EXCERPTED DATA
+===+

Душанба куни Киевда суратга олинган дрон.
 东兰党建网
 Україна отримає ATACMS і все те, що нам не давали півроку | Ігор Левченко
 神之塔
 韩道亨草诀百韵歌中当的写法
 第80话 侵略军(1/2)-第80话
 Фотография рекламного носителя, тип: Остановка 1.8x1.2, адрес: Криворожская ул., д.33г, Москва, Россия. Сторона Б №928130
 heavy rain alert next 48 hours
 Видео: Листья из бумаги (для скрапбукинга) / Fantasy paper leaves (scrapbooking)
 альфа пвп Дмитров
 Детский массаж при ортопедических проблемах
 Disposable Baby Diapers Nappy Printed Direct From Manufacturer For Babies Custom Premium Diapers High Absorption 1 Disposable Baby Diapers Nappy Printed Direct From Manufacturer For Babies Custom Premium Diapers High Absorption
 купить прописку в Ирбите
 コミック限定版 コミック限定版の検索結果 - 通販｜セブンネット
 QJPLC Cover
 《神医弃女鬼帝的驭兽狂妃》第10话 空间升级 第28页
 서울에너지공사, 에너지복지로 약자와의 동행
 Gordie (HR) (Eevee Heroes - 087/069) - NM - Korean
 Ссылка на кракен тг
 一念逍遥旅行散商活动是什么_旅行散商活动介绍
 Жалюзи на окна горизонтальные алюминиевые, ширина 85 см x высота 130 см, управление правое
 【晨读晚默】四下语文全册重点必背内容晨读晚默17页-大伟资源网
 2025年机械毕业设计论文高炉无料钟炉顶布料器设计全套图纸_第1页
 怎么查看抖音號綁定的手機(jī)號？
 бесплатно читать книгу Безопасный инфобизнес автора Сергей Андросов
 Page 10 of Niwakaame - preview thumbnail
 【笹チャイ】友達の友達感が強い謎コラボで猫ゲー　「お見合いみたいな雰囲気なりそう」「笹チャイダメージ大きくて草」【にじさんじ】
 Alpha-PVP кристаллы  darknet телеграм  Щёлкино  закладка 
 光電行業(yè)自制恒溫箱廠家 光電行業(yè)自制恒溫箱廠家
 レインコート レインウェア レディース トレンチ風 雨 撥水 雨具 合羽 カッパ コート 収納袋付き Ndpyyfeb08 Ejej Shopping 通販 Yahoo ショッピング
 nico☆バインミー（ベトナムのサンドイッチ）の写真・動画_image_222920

+===+

Once the line containing "コミック限定版 コミック限定版の検索結果 - 通販｜セブンネット" is found, print it and every line after it through the end of the listing, exactly and alone.

 コミック限定版 コミック限定版の検索結果 - 通販｜セブンネット
 QJPLC Cover
 《神医弃女鬼帝的驭兽狂妃》第10话 空间升级 第28页
 서울에너지공사, 에너지복지로 약자와의 동행
 Gordie (HR) (Eevee Heroes - 087/069) - NM - Korean
 Ссылка на кракен тг
 一念逍遥旅行散商活动是什么_旅行散商活动介绍
 Жалюзи на окна горизонтальные алюминиевые, ширина 85 см x высота 130 см, управление правое
 【晨读晚默】四下语文全册重点必背内容晨读晚默17页-大伟资源网
 2025年机械毕业设计论文高炉无料钟炉顶布料器设计全套图纸_第1页
 怎么查看抖音號綁定的手機(jī)號？
 бесплатно читать книгу Безопасный инфобизнес автора Сергей Андросов
 Page 10 of Niwakaame - preview thumbnail
 【笹チャイ】友達の友達感が強い謎コラボで猫ゲー　「お見合いみたいな雰囲気なりそう」「笹チャイダメージ大きくて草」【にじさんじ】
 Alpha-PVP кристаллы  darknet телеграм  Щёлкино  закладка 
 光電行業(yè)自制恒溫箱廠家 光電行業(yè)自制恒溫箱廠家
 レインコート レインウェア レディース トレンチ風 雨 撥水 雨具 合羽 カッパ コート 収納袋付き Ndpyyfeb08 Ejej Shopping 通販 Yahoo ショッピング
 nico☆バインミー（ベトナムのサンドイッチ）の写真・動画_image_222920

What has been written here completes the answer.